UNION COUNTY — Close to 250 of the La Grande School District’s youngest students are no longer going online each weekday morning and afternoon for classes. Instead they are getting in line — for recess and school bus rides.
The boys and girls are children in kindergarten through third grade who started attending school in person this week for the first time in at least six months after being taught only online by the school district due to the COVID-19 pandemic.
The young students have been able to attend on-site since Monday, Oct. 5, after the La Grande School District met the state’s K-3 COVID-19 safety standards.
The students are the only ones in the La Grande School District able to attend classes on-site.
Island City Elementary School Principal Brett Smith said Tuesday the children appear very happy to be back at school. This is most evident at the end of the school day.
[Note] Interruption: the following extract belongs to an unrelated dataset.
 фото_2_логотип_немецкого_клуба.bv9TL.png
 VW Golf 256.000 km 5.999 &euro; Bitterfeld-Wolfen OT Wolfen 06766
“Some have been asking teachers ‘Can we stay?’ and ‘Do we have to go?’” Smith said.
Island City second-grade teacher Kylee Goodwin said children seemed eager while being taught online to get back to a bricks and mortar school.
“Some wanted to know when they were going to get back to real school,” Goodwin said.
Children are not the only ones demonstrating excitement about on-site learning again being offered. Teachers and staff at the school district’s three elementary schools also are elated.
“Overall it is fabulous for us, just having kids,” said Central Elementary principal Suzy Mayes.
Kelli Aken, a second-grade teacher at Greenwood Elementary, will likely never forget the sense of anticipation she felt last weekend just before students were about to return.
“It was like I was a first-year teacher all over again,” she said. “I was so excited I could not sleep the night before.”
Greenwood Elementary first-grade teacher Katie Burright said she has been impressed with how much the students learned while they were being taught online.
“It has been amazing to see how much has soaked in,” Burright said.
She said it is hard to tell when teaching virtually how much content students are picking up. One reason is you can only see a student’s face online and can’t view how children are doing on assignments the same as walking around a classroom.
Goodwin and Island City third-grade teacher Holly Wagner are delighted to have students back in their classrooms because like all primary grade teachers they provide reading instruction during a critical phase of children’s lives, when they are best able to learn to read.
“It is much easier to teach fundamentals like letter sounds (in person),” Goodwin said.
She also said it is easier in person to get children to become familiar with books and how to hold them.
Familiarizing children with how to use computers, ironically, proved harder while teaching online, Wagner said.
“Things we think are simple, like using a mouse to drag something across a screen, took a lot of time to teach students,” Wagner said.
All on-site K-3 students have to follow extensive school district protocols to protect everyone from COVID-19. Students are kept with their classmates all day, are served meals only in their classrooms, must social distance and more.
Burright said the children are adapting well to school rules for protecting them from COVID-19. She noted her students are maintaining 6-foot distances from one another for social distancing purposes and are being courteous by keeping their distance from classmates.
“That is not typical of first graders,” Burright said.
Greenwood Elementary first-grade teacher Jessica Troutman also is impressed with how students have taken to wearing masks.
“It is not a big deal for them at all,” she said.
Troutman also noted said students are learning to interact without really touching each other.
“Instead of doing high fives,” Troutman said, “they are doing elbow bumps.”